Казалось бы, какой психологии ждать от этой современной свифтианы, от сказки, овеянной антифеминистским пафосом? Здесь только все смешное: надо же, маленький мужчина стал еще меньше, потом еще… Но вот на тебе: «прыгай — и конец… твоей, бессмысленной жизни». И дальше, когда Леон победил ворону, спас пичужку, вернулся домой, он вдруг осознал себя совершенно иначе: «За одну ночь он отринул все перенесенные муки, все унижения. Кошка спасла ему жизнь; он спас жизнь синичке. Пора было спасаться самому. Как он мог так долго терпеть притеснения и не роптать?

Выскользнув из квартиры, герой отправляется вниз по лестнице, и с каждой ступенькой рост его увеличивается. Вот он уже обрел прежние габариты…»

Сказка оборачивается притчей, фантасмагория — романом, а маленький человек остается собой, всего-навсего вырастая в собственных глазах. Ему не надо быть большим, ему надо только не утратить себя. Никаких масштабных людей, никакой «личности в истории»! Самостоянье человека — залог величия его, и всё тут.

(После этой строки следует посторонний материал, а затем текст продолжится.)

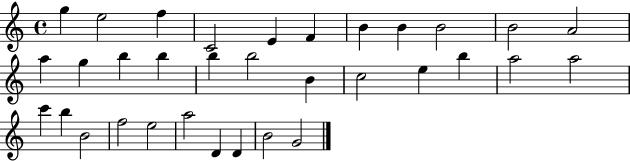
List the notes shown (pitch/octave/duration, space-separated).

G5/q E5/h F5/q C4/h E4/q F4/q B4/q B4/q B4/h B4/h A4/h A5/q G5/q B5/q B5/q B5/q B5/h B4/q C5/h E5/q B5/q A5/h A5/h C6/q B5/q B4/h F5/h E5/h A5/h D4/q D4/q B4/h G4/h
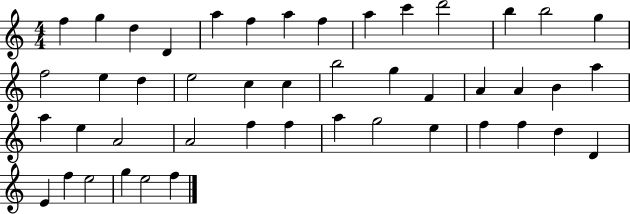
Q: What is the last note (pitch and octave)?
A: F5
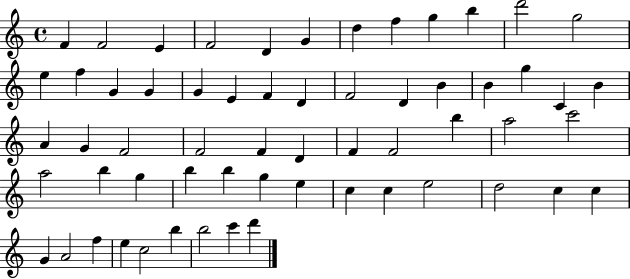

Психологизм у Брюкнера, как и у других романистов XX века, дается очень дозирован-но, но дело даже не в этом. Психологический анализ как бы передоверяется читателю, который сам домысливает моральные мотивировки и дорисовывает душевные движения. Занятие, между прочим, вполне посильное утреннему и вечернему жителю парижской, берлинской или московской подземки. Все эти волшебные «потому что», делающие каждую судьбу яркой и неповторимой, оказываются нашей, а не авторской прерогативой. Вот почему, кстати говоря, теоретики литературы применительно к современной словесности всё громче и громче заявляют о роли читательского сотворчества. И неслучайно появление упомянутой рецептивной эстетики: наука закономерно явилась тогда, когда оформился и укоренился ее предмет.

Если же существует писатель, который навязал ритму XX столетия стилистику и насыщенный психологизм предыдущего и не потерял при этом читателя, то это Маргерит Юрсенар. Внешняя жизнь ее героев описана рвано, синкопически, события перетасовываются, рассказ о них замирает, чтобы продолжиться через много страниц, и все же повествование непрерывно. Автор и не нуждается в сохранении даже видимости фабульной последовательности: рефлексия есть часть сюжета настолько же, насколько ситуация, за первым планом размышлений стоит второй и третий, диапазон душевной жизни широк настолько, что все время кажется, будто Юрсенар чего-то недоговаривает, оставляя нераскрытыми какие-то совсем уж тайные пласты.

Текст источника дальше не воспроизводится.